Just wondering if two way radios are legal during deer hunting. Thanks! :sniper:


----------



## xdeano (Jan 14, 2005)

http://gf.nd.gov/regulations/deer/index.html
Take a look at this, It should solve the answer.

I have always been told that it is not legal to use 2 way radios in the pursuit of deer in ND. It shows in no spot in the proc. anything having to do with radio use. you can draw your own conclusions. Ask a warden for the best answer.

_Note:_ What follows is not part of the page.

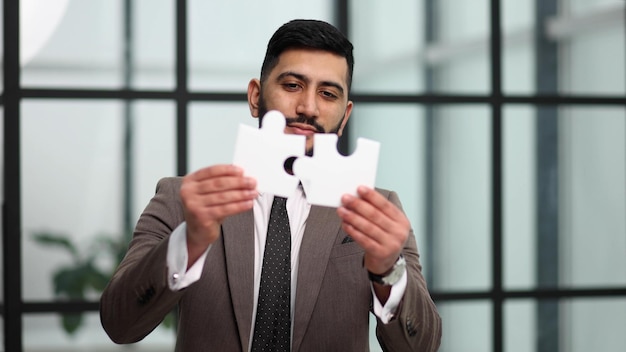 Empresário mostra quebra-cabeça branco na mão conceito de estratégia de negócios
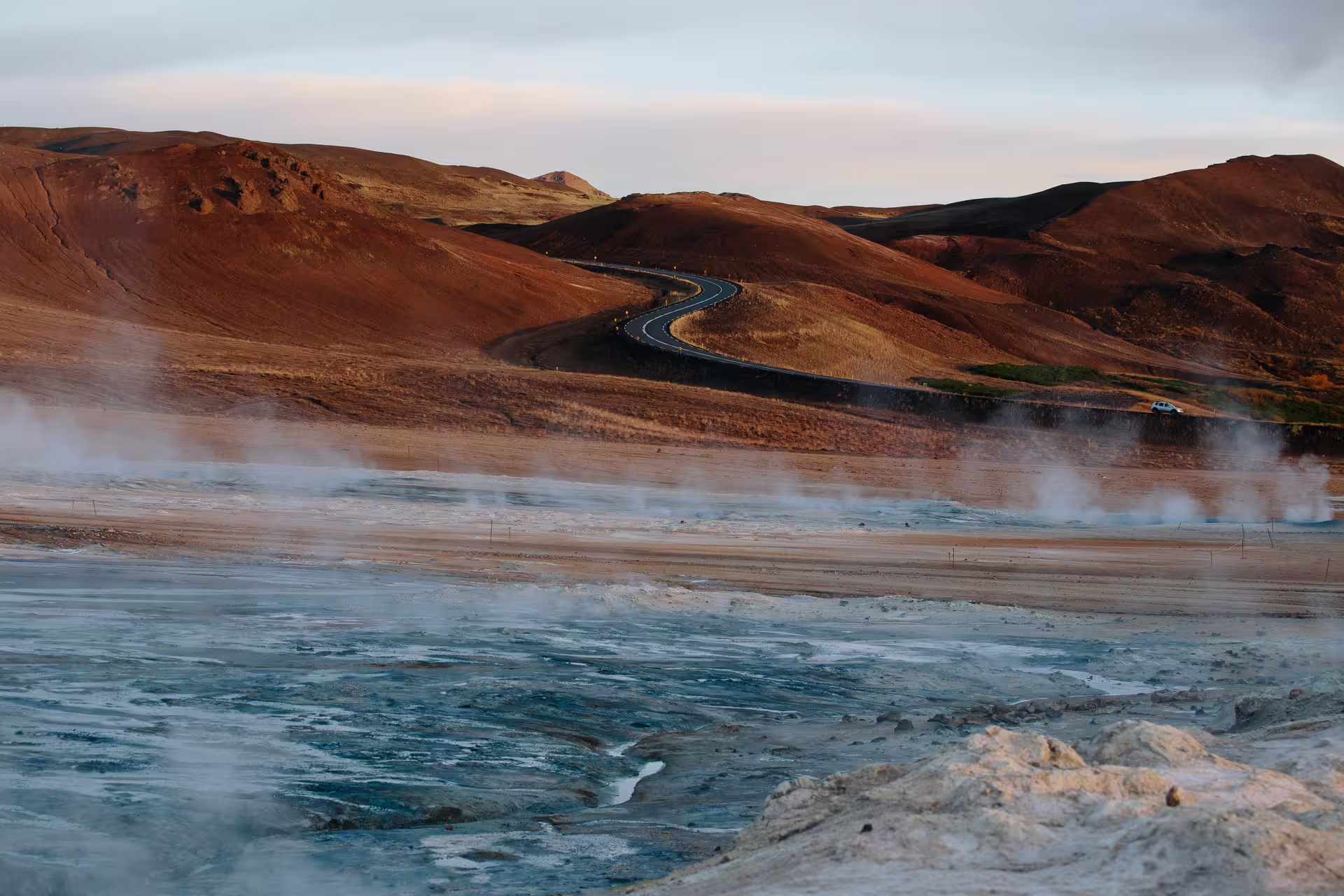 Geothermal steam vents and winding road through red volcanic hills on Iceland Ring Road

I could see where they could come in handy. 
-People needing help. 
-locations so on one shoots at each other. 
and many more.

good luck
Deano


----------



## cupped-in123 (Sep 23, 2008)

ive always thought they were illegal.... but they cant take our cell phones!


----------



## TK33 (Aug 12, 2008)

I know some guys in SE ND got clipped for using them a few years ago.
I think it was Babe Winkelman who got nailed for this in MN a few years ago also.


----------



## wurgs (Mar 3, 2008)

you can use them to keep in touch with the others in your party, keeping your hunt safe or help in emergency situations but not to pursue game.


----------



## HunterBrad (Nov 5, 2008)

in Ontairo we use 2 way raidos all the time


----------



## B.L.Z.A four (Mar 9, 2008)

We use them in Wisconsin. You just can't call on the radio to have some one tag the deer. And you are right , they can't take are cell phones away!!


----------



## nosib (Dec 4, 2008)

B.L.Z.A four said:


> And you are right , they can't take are cell phones away!!


agreed


----------